Seven Italian Postcards
Card 5: Moonbeams at the Columbarium

After a late dinner we made our way to the edge of the village, where a narrow street ended at the base of tall hills. A brick pathway rose from here, just beyond a small Carabinieri station, so we took it, walking ever higher past stonewalls and gardens, and an occasional small villa tucked behind sinister foliage, the dim doorbell button next to each gate glowing like an orange dime. The moon floated high overhead and shone nearly full, lighting our way into these hills of Monterosso, and as we walked the path got steeper, the landscape brighter, and our sense of dark adventure more strong. Our route followed switchbacks along the slope, always climbing, and we passed a long ruin of stonework that looked rather ancient, probably Roman. Its function was lost to us - granary? cistern? fort? - but it stood nevertheless, placid under moonlight, another reminder that I traveled in an old country whose secrets were rarely mine to claim.

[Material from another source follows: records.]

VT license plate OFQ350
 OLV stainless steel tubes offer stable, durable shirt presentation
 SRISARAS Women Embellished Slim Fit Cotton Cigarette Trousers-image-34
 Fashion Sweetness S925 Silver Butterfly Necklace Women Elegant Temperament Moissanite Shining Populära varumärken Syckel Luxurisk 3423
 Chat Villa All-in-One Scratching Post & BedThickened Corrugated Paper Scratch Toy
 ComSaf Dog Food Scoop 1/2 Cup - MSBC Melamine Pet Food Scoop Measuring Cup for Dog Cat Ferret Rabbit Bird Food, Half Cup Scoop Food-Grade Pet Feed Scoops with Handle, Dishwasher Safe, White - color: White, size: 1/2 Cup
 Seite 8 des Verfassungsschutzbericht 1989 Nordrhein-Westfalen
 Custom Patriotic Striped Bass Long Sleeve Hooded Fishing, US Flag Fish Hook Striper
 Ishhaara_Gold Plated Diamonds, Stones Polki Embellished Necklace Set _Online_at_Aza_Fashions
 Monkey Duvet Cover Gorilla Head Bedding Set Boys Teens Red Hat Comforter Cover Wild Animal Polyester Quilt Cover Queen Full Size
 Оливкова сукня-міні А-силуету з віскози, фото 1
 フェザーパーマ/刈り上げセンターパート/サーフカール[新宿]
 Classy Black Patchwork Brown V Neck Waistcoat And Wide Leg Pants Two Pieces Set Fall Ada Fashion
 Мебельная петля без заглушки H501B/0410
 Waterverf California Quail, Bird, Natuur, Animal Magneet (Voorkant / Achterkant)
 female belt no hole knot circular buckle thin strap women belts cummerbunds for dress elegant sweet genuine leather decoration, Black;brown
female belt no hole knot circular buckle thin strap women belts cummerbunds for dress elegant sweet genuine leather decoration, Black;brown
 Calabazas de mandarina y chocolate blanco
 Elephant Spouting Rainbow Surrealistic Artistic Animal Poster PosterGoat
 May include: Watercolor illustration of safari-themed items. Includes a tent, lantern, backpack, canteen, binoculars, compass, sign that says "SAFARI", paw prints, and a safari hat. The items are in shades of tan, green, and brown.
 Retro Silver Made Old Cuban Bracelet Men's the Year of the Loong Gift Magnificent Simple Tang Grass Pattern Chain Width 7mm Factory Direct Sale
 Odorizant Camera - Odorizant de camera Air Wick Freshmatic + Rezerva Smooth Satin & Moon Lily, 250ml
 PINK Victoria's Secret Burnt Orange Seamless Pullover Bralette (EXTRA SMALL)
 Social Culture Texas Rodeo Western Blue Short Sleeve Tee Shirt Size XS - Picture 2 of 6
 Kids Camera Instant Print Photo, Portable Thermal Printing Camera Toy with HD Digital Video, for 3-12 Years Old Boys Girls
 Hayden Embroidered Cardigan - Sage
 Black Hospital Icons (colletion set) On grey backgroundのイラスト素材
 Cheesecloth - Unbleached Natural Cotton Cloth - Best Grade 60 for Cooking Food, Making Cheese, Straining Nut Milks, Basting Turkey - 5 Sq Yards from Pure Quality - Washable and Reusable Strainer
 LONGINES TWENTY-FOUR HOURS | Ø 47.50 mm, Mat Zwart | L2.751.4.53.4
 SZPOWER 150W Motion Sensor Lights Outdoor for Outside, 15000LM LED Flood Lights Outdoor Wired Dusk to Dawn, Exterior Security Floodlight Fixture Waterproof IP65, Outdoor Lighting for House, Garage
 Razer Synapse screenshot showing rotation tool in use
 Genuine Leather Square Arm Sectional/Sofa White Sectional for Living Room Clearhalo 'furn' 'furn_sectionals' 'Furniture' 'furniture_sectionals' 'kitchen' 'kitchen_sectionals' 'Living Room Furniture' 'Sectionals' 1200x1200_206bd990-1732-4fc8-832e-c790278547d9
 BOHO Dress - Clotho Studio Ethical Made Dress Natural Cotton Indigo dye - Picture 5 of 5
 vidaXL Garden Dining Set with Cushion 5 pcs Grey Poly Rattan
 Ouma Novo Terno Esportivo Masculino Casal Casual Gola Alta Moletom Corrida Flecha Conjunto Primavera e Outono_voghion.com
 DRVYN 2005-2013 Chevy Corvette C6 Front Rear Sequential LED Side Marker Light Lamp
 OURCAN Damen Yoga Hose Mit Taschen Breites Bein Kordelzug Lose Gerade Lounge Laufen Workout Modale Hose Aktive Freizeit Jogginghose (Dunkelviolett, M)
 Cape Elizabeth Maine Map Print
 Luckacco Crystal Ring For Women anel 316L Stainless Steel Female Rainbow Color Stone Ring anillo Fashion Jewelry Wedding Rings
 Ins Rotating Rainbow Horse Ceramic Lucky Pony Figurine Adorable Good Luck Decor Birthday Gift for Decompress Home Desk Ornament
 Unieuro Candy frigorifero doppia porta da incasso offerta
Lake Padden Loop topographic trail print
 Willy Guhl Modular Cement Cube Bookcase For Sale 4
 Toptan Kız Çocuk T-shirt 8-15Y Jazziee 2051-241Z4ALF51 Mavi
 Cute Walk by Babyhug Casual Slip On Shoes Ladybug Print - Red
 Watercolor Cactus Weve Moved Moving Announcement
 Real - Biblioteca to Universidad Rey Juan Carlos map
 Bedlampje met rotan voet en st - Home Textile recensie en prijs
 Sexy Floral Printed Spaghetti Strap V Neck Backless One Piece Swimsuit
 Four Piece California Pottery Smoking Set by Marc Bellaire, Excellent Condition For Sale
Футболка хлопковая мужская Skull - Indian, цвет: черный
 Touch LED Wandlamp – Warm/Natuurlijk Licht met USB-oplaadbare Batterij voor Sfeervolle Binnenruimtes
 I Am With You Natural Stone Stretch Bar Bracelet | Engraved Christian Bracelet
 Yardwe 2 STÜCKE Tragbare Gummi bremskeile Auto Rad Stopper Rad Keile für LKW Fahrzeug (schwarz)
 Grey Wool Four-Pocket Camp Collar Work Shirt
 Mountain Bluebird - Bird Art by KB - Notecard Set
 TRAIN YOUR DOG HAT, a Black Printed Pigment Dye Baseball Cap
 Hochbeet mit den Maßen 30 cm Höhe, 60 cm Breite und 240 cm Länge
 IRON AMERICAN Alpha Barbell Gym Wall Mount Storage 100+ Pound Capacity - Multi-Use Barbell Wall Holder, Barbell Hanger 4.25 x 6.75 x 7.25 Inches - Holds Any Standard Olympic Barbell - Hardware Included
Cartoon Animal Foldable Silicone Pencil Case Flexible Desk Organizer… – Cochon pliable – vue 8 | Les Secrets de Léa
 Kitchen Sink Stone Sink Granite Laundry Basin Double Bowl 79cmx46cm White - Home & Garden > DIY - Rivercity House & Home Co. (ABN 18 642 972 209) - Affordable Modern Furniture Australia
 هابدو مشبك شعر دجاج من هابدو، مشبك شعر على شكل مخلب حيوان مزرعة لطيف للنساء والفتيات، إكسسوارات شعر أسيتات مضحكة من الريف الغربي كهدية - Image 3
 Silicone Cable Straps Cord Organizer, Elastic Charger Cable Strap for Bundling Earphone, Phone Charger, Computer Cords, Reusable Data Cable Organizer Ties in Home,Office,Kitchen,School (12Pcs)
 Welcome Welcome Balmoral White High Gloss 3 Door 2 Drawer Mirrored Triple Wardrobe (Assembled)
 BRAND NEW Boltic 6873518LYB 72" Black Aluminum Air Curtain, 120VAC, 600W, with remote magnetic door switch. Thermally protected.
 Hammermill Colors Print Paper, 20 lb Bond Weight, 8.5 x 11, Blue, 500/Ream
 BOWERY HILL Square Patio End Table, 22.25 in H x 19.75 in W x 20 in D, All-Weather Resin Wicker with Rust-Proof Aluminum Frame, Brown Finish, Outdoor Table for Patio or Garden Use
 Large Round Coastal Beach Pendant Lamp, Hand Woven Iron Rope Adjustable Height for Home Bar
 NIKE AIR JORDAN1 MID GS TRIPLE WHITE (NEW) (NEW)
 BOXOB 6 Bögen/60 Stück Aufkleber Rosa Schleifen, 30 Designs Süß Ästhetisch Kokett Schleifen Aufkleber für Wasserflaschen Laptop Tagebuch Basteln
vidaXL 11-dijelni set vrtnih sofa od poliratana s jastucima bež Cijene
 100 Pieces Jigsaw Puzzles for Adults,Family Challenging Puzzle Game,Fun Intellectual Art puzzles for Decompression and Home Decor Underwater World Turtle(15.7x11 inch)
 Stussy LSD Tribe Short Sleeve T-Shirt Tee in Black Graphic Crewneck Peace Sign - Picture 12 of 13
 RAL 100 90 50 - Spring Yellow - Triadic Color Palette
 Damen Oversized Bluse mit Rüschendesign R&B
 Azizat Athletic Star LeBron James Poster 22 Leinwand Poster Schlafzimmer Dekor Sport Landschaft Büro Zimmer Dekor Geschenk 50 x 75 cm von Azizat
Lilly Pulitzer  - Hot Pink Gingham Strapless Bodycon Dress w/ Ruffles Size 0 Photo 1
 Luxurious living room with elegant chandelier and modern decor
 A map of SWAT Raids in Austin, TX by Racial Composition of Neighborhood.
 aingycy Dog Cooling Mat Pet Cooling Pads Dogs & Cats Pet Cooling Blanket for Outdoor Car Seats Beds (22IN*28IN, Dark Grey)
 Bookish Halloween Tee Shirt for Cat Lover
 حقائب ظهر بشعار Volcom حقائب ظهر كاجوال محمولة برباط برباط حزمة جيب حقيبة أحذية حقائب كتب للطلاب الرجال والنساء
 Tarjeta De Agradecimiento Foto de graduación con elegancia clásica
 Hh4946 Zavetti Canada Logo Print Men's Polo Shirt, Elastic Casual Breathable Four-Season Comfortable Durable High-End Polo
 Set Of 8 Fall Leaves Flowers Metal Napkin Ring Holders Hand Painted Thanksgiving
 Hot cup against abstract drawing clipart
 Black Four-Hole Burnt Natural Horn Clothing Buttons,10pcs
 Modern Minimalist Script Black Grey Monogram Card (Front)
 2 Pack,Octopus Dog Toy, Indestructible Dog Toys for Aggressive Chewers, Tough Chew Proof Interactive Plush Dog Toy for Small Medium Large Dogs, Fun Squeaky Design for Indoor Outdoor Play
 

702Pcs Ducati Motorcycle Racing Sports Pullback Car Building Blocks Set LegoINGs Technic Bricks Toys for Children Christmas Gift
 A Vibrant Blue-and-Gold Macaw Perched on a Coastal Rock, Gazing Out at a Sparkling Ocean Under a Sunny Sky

As we walked higher the Mediterranean came into full view, its lunar pearlescence visible for miles, and we stopped on a promontory several hundred feet above the coast rail lines. From here, there was nothing but the sea between us and Gibraltar, and as we paused a trainload of boxcars clattered north through the station without stopping, and I watched it vanish into a tunnel hewn into solid cliff. "It's hard to believe, but not too long ago those trains carried people to the ovens," I said, then added: "Well, maybe not exactly here." - "Here, too, I'm afraid," my girlfriend said, sadly, perhaps not wanting to acknowledge the tragedy that had once infected this remarkable shoreline. Maybe I was wrong to conjure wartime on such a romantic stroll into the Ligurian uplands. After all, we had climbed far in our love, and I had journeyed a long way to this palm-licked moonlight. This act of kissing.